__SUPPLIED DATA__
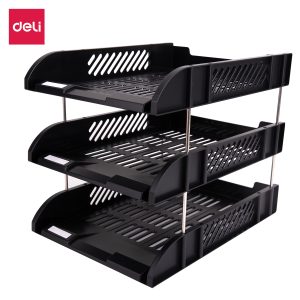 Khay nhựa 3 tầng deli 9217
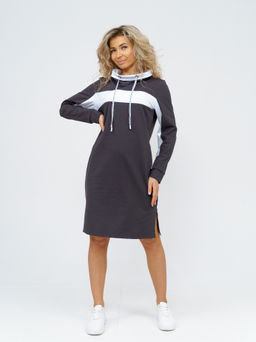 945 Платье "Серый"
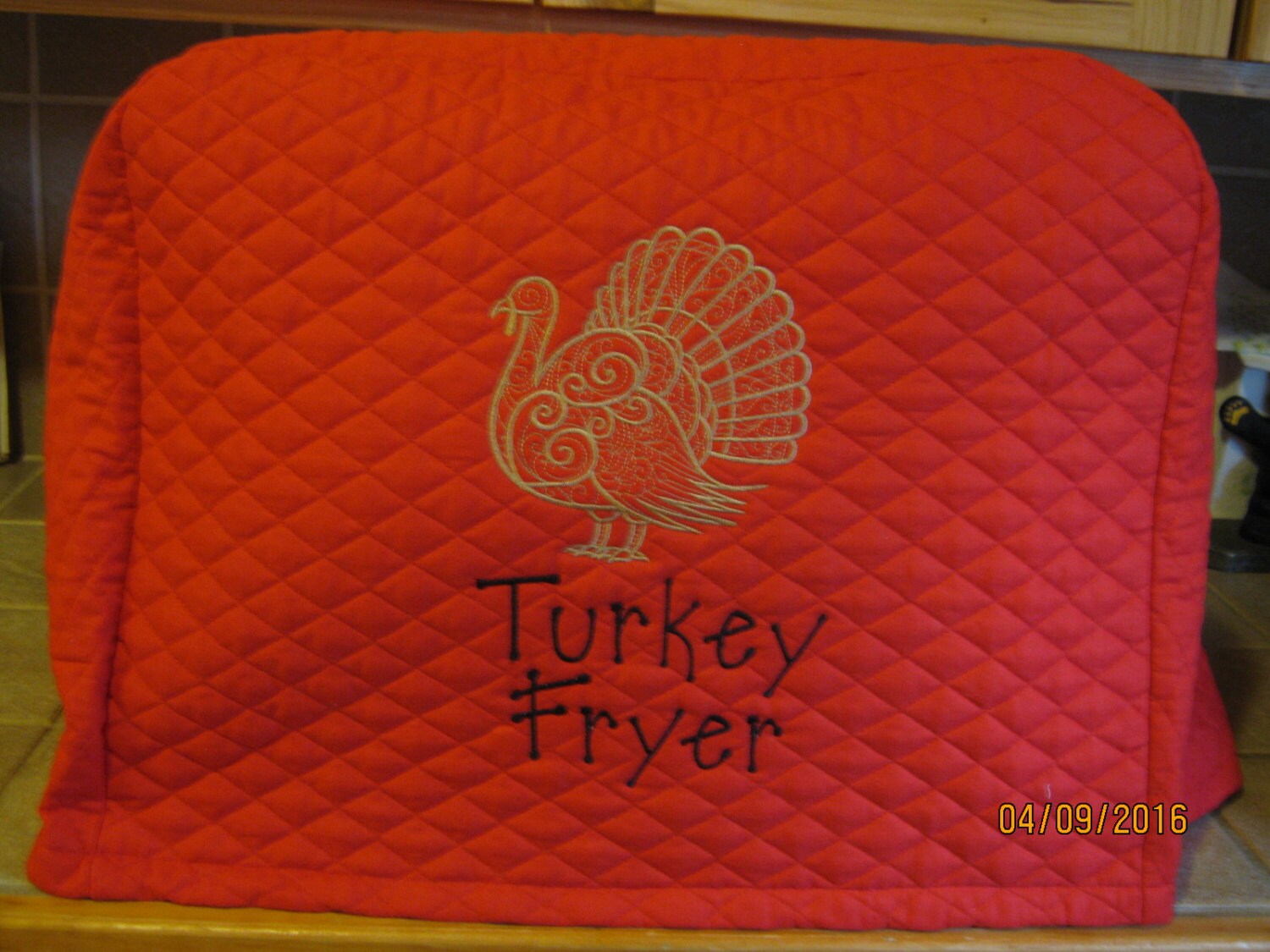 Butterball Turkey Fryer XL Appliance Cover Black Brown Red Etsy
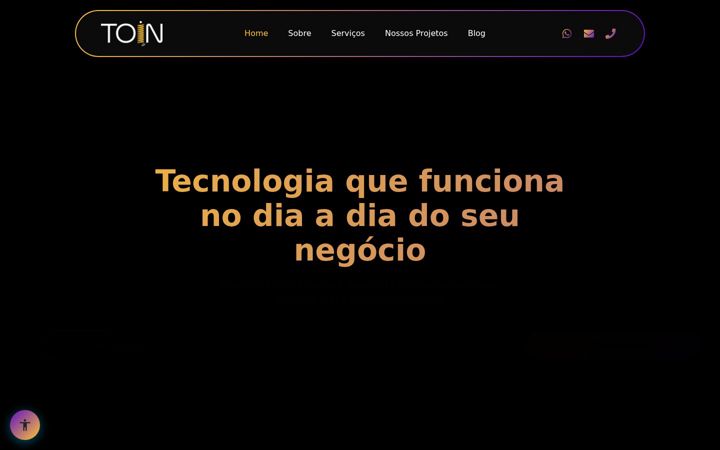 Screenshot ta' criatoin.com.br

__REQUIRED ACTION__
Print each line of the listing exactly and include no pictures.

__EXERCISE ANSWER__
 Khay nhựa 3 tầng deli 9217
 945 Платье "Серый"
 Butterball Turkey Fryer XL Appliance Cover Black Brown Red Etsy
 Screenshot ta' criatoin.com.br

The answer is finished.